The ban does not apply to guns commonly used by farmers and hunters, including semi-automatic .22-calibre or smaller guns that hold up to 10 rounds, or semi-automatic and pump-action shotguns with non-detachable magazines that hold up to five rounds.
Ardern's party controls a majority in Parliament, so passage of the legislation is expected.
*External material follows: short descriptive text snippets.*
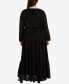 ფოტო #2 პროდუქტის Plus Size Desired Ruffle Maxi Dress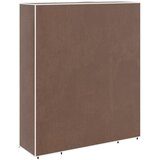  Ormar od Tkanine s Pregradama i Šipkama 45 x 150 x 176 cm Smeđi | shoptok.hr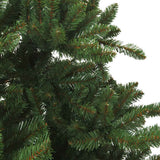 vidaXL Artificial Hinged Christmas Tree Green 150 cm PVC, steel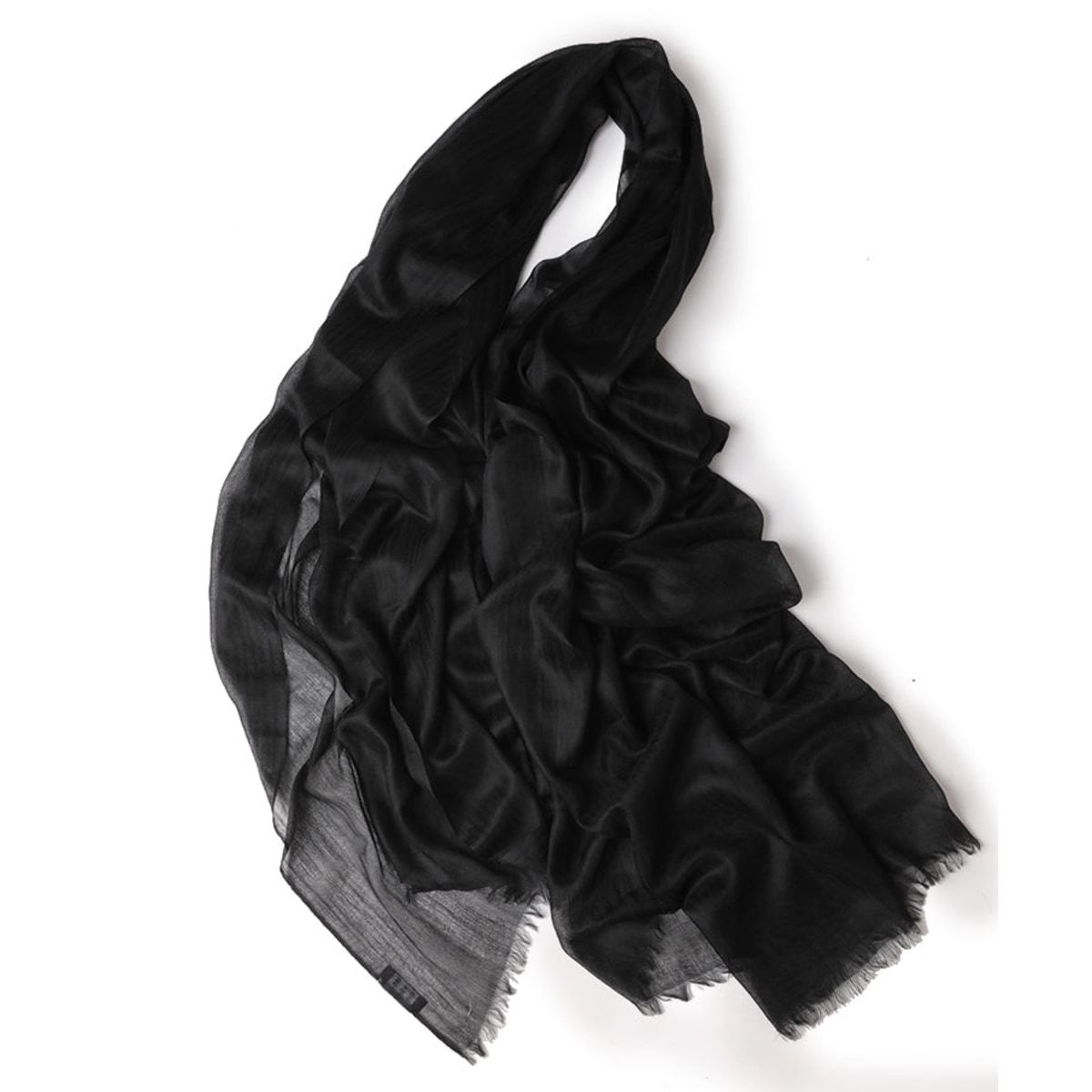 Ultra Thin Women Cashmere Scarf - Black | Wolf & Badger (US)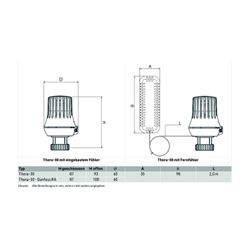 Resideo Thermostatregler Thera-30, 1-28 Grad C, M30x1,5mm, Weiß... RESIDEO-T6000W0 5059087019165 (Abb. 1)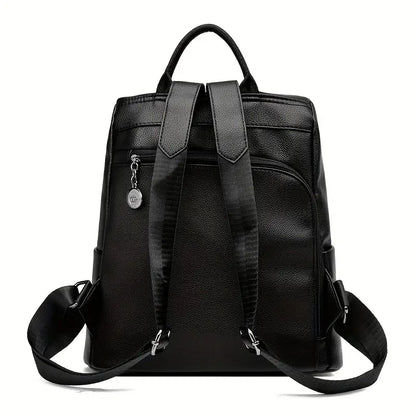 Women's Anti-Theft Leather Backpack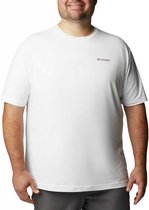 Columbia Tech Trail Graphic T-shirt Met Korte Mouwen Wit M Man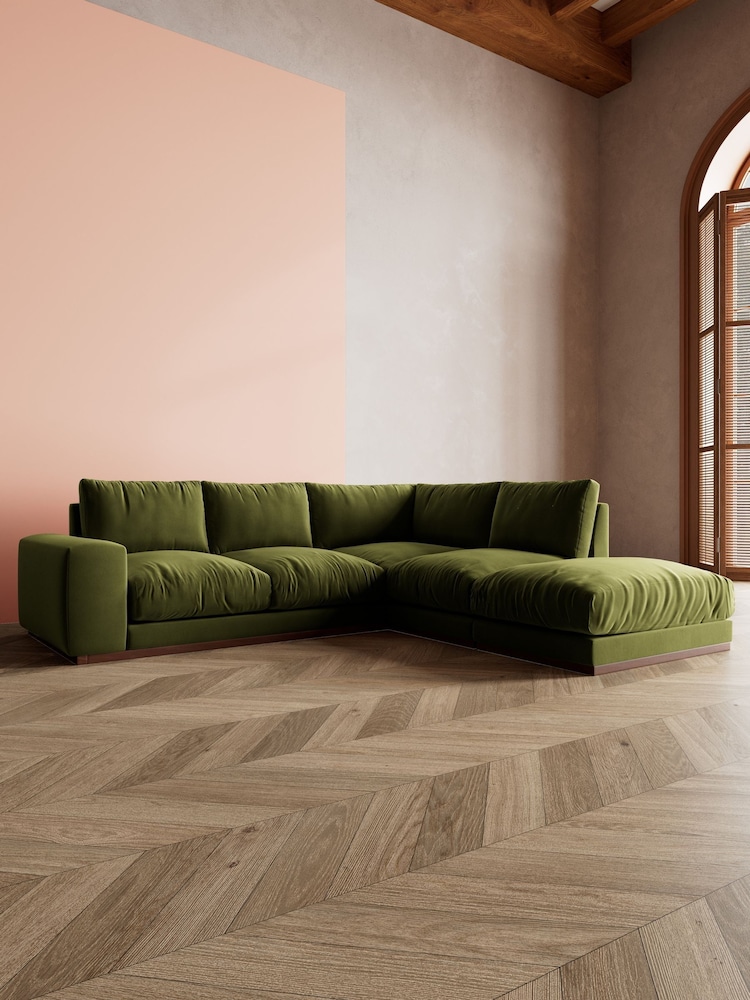 Swoon Fern Denver Corner Right-Hand Sofa - Image 2 of 9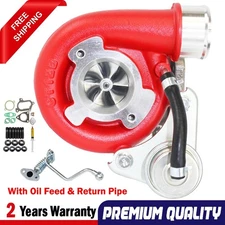 High Flow Turbo+Genuine Oil Feed Pipe For Toyota Hilux 1KZ-TE 3.0L CT12B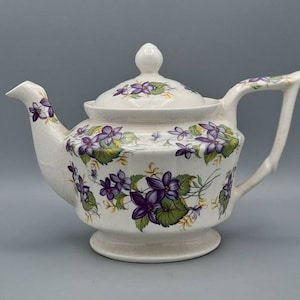 Arthur Wood Bouquet, Vintage Teapot, heavily crazed
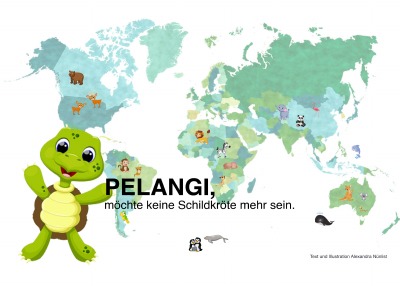 'Cover von PELANGI, möchte keine Schildkröte mehr sein. Mit Comic'-Cover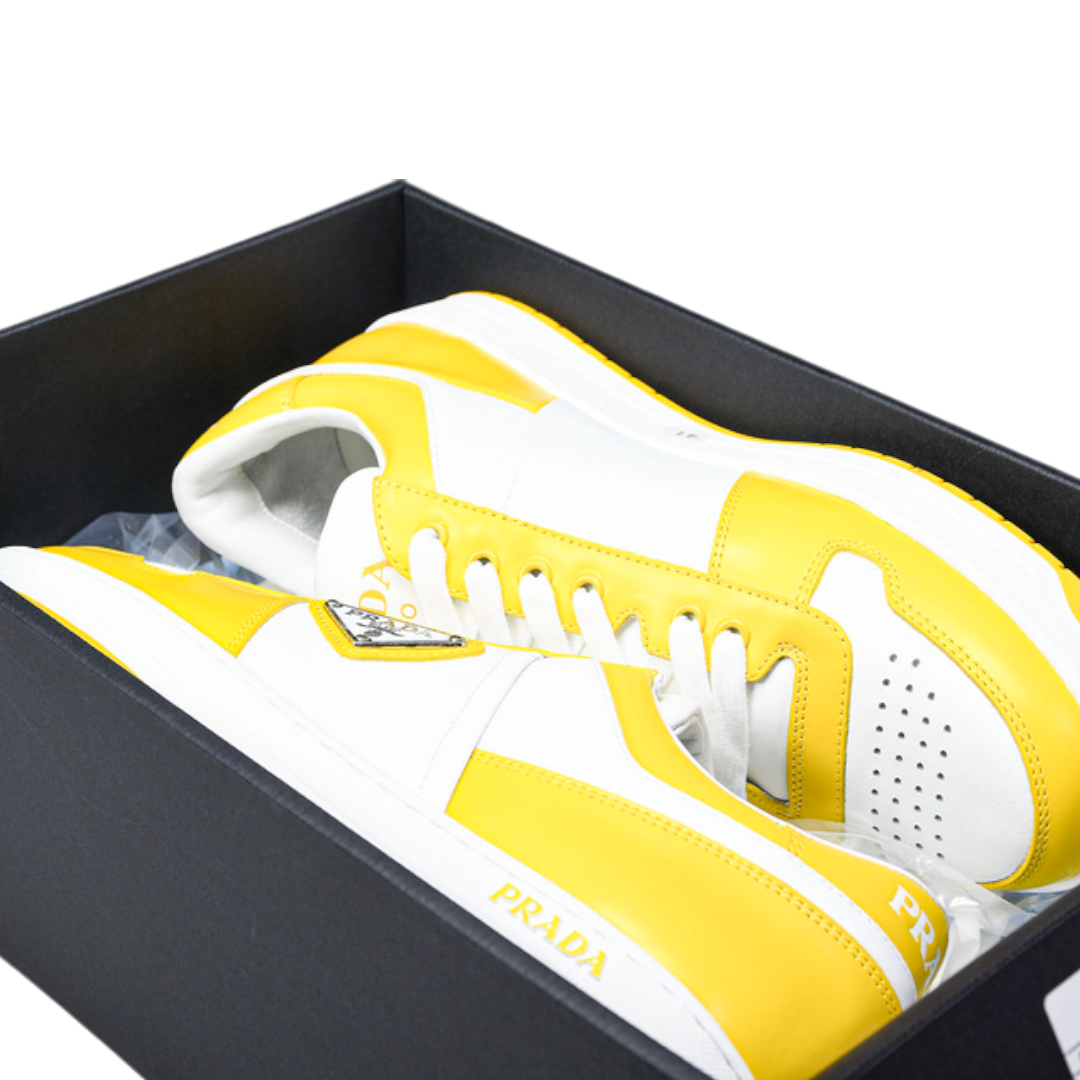 Prada Downtown Sneaker 'White Yellow Sun'
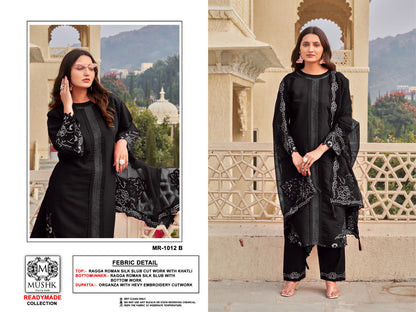Mr 1012 Mushk Roman Silk Pakistani Readymade Suits Supplier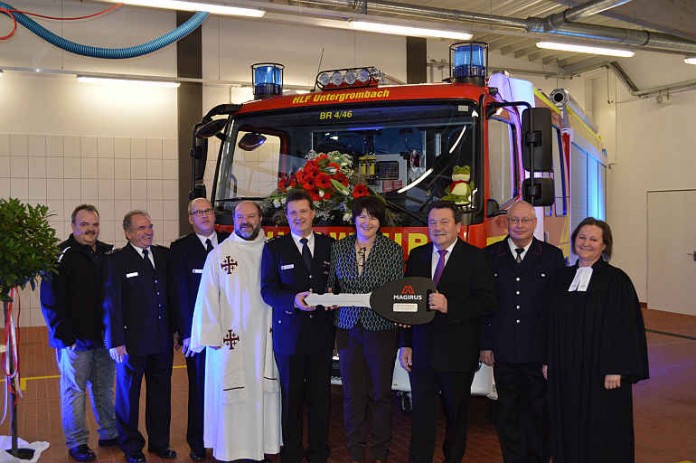 Das HLF 20 wurde am 10. Januar 2015 eingeweiht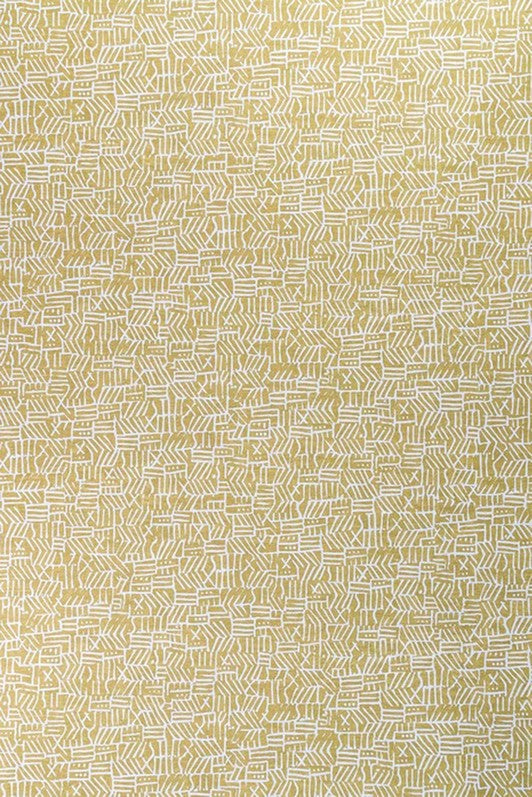 Cypher Wallpaper by Kerry Joyce in Citrine on Natural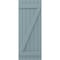 Ekena Millwork Americraft 6-Board (2 Batten) Wood Joined Board-n-Batten Shutters w/ Z-Bar, ARW102BB621X77SBH, PR ARW102BB621X77SBH - alternate 7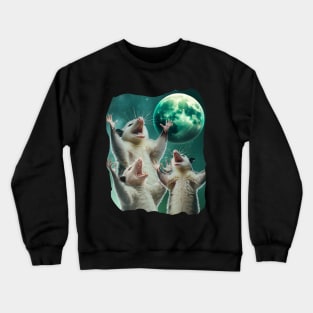 Opossum moon magic Crewneck Sweatshirt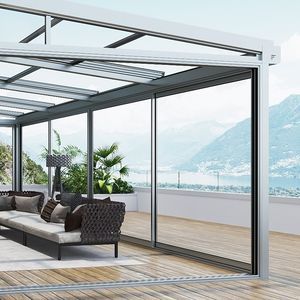 veranda de vidrio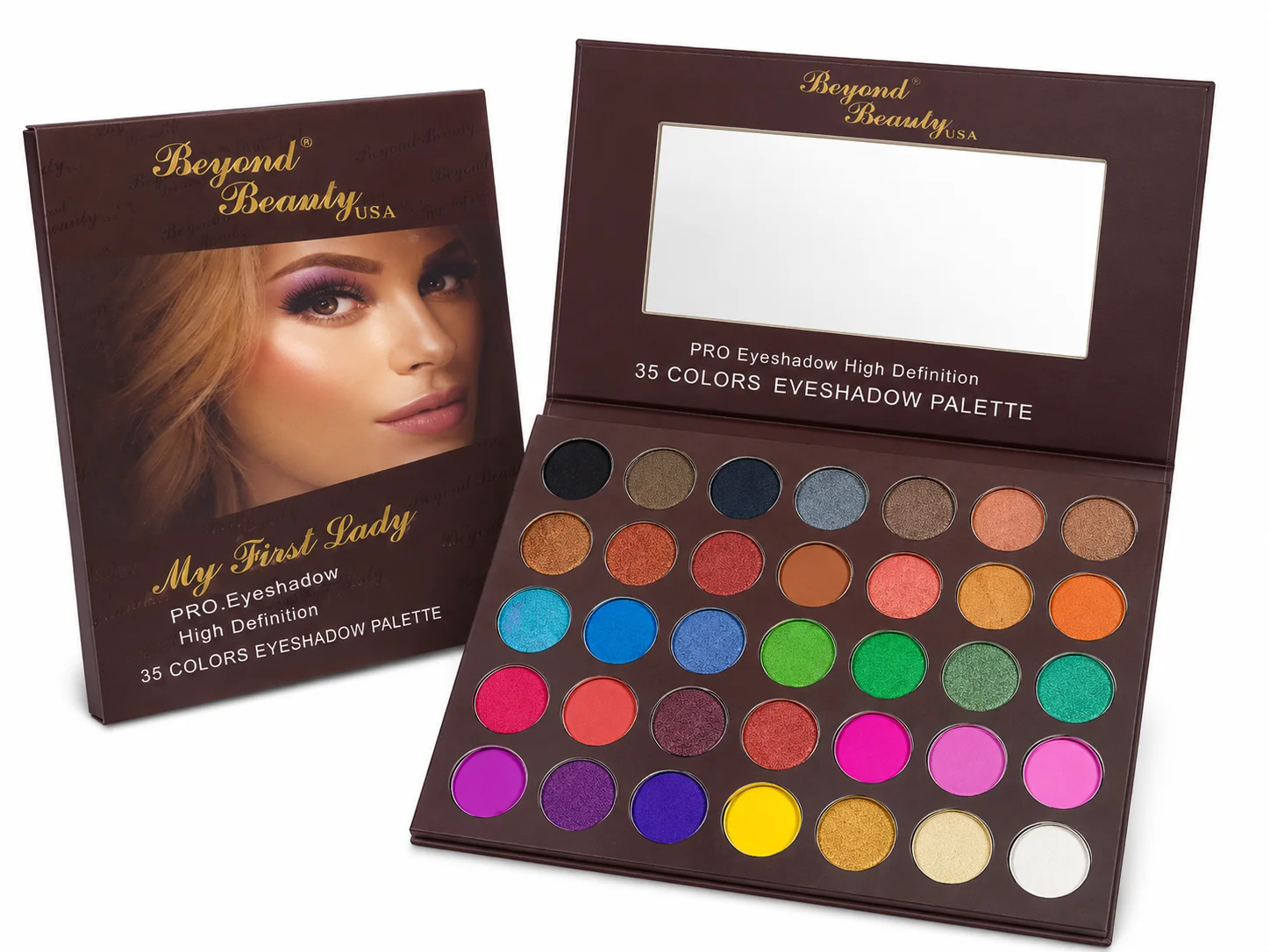 Beyond Beauty 35 Colors Professional Eyeshadow Palette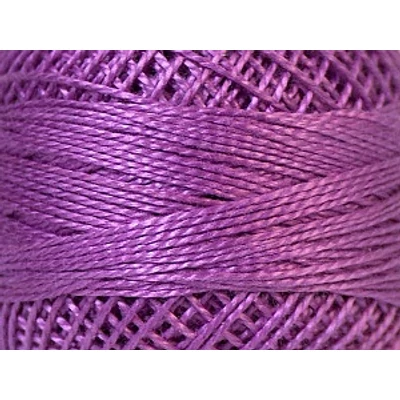 Perlé hímző gyöngyfonal 082 - lila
New Zealand does not have a constitutional right to bear arms.
The announcement brought immediate comparisons to the United States, where contentious debate over gun control remains unresolved after frequent mass killings.
Firearms experts said the ban in New Zealand has wide support.
Polly Collins of Christchurch was thrilled to hear of Ardern's announcement as she visited a memorial to the victims.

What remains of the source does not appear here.